Debunking Myths about Open Source neglect of Women

There are a lot of myths out there about the hiring practices of proprietary software companies vs open source companies or communities. People are sharing anecdotal evidence claiming proprietary software developers are somehow better because they employed more women. While this is extremely far from the truth. I don’t hate women, in fact I love them and I love my girlfriend. Shes the greatest.

However companies like Apple actually have set policies which cause them to hire more women. According to Apple’s Job website:

We are committed to diversity. Apple is an Equal Employment Opportunity and Affirmative Action Employer.

Source: Apple Jobs

This actually means that instead of just hiring who comes first, they are filtering their applicants in order to promote an equal workplace. This is not a bad thing but it is something you need to consider when comparing the two entirely different ways of working.

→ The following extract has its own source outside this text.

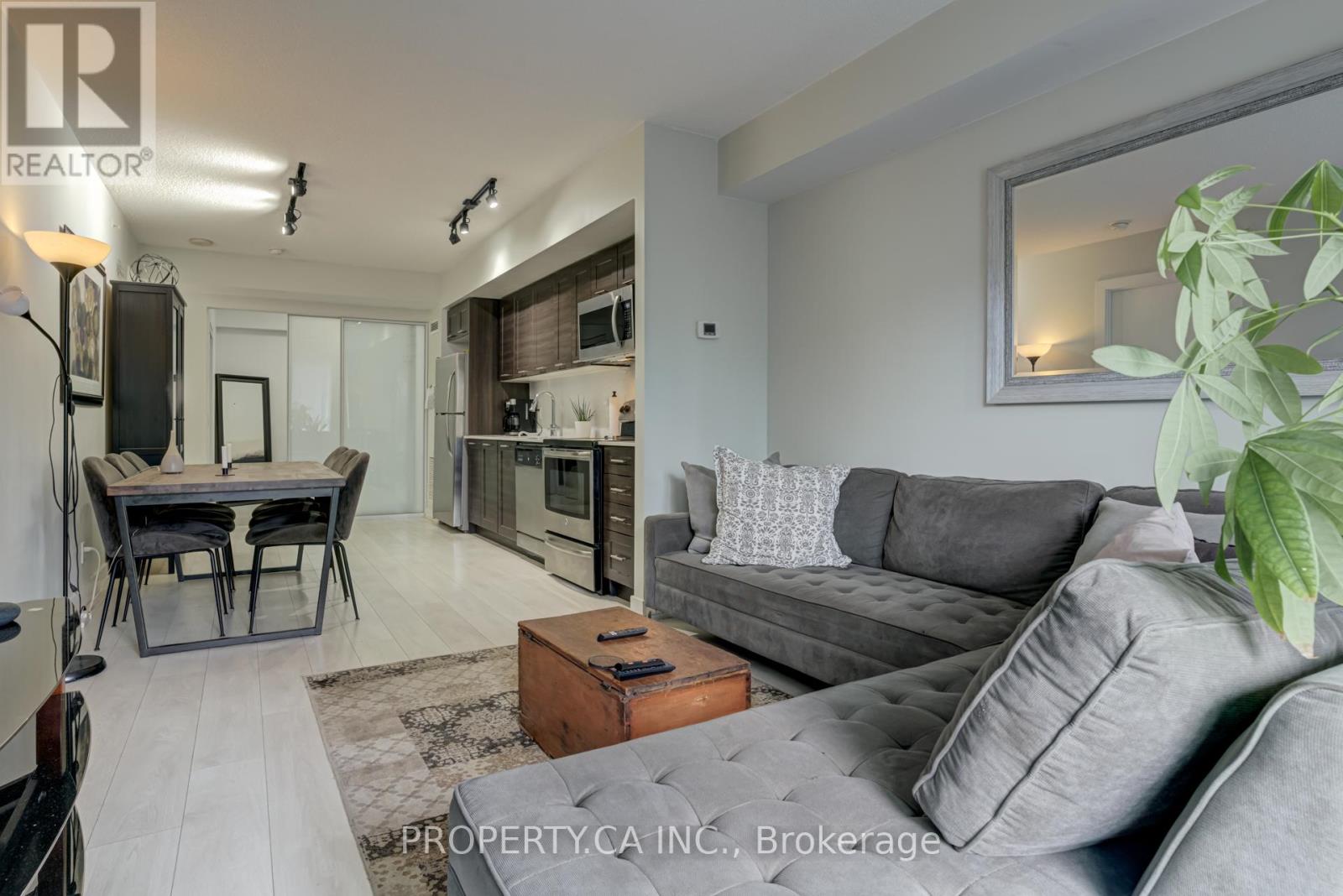 515 - 2220 Lake Shore Boulevard W, Toronto, Ontario  M8V 0C1 - Photo 23 - W12723986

Here is an excercise to get the concept into your head. Say you normally receive 1000 resume’s a week and you need to pick the best. You are likely to pick based on first come first serve, and then check their qualifications and then hire them if they are qualified to do the job.

However if you are a Equal Employment Opportunity employer you cannot do this. You can’t pick based on first come first serve. Your company policy requires an equal workforce so you’ll simply have to put most of the resumes on file. The practice discriminates against hiring men because there are already ‘too many’ if there are more than 50% of them in the company despite the fact that computer science graduates aren’t 50/50 men and women.

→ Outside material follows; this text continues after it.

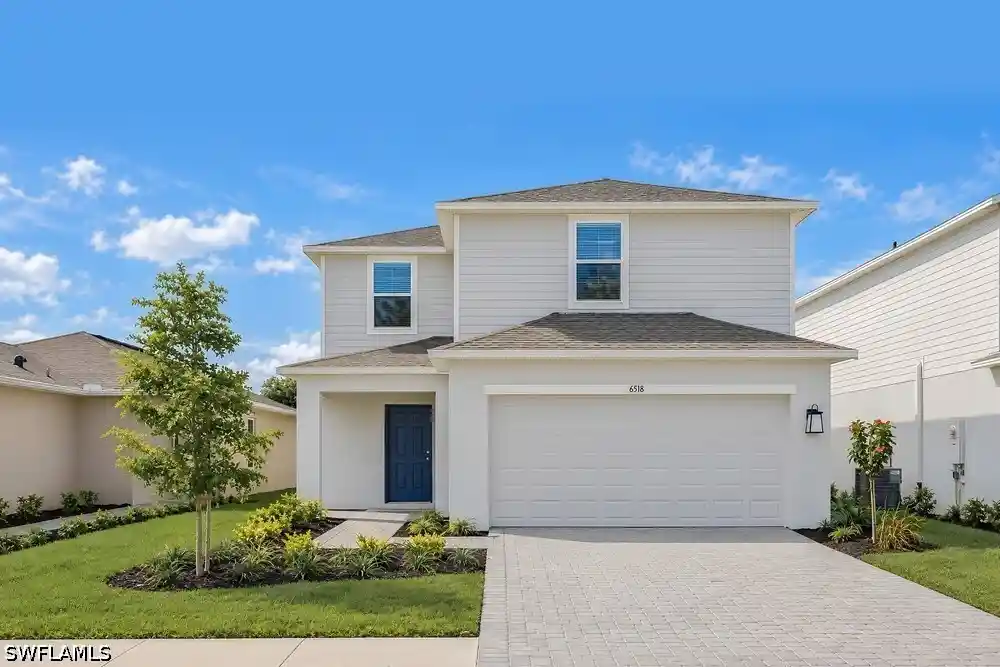 Photo 1 of Single family home for sale at 6518 Equinox Ln, North Fort Myers, FL 33917 | MLS# 226028625 | Listing updated on 2026-10-27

Again, I don’t hate women I love them, I’m just pointing out that there is bias in Apple that causes it to have higher numbers of women employed than in companies or communities which don’t enforce an Equal Employment Opportunity. This isn’t bad at all and I hope more women get jobs in IT. This same policy exists in most large corporations, especially ones big enough to get the attention of government agencies.

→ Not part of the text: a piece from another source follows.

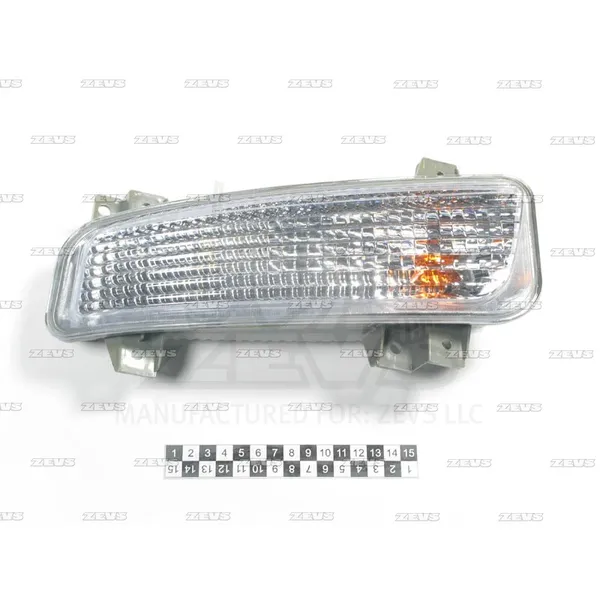 Габарит fuso 08- ZEVS 03-7503 L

Meanwhile in open source communities everyone is invited and there are no filters which prevent people from participating based on sex, race or religion. Women are encouraged to join via projects like Debian Women and Ubuntu Women but none of these projects deny or filter men from joining in favour of equality. No open community is going filter out men to increase the numbers of women. There is also nothing preventing women from joining companies or communities like Redhat/Fedora, OpenSuSE/Novell, Canonical/Ubuntu and Mandriva either.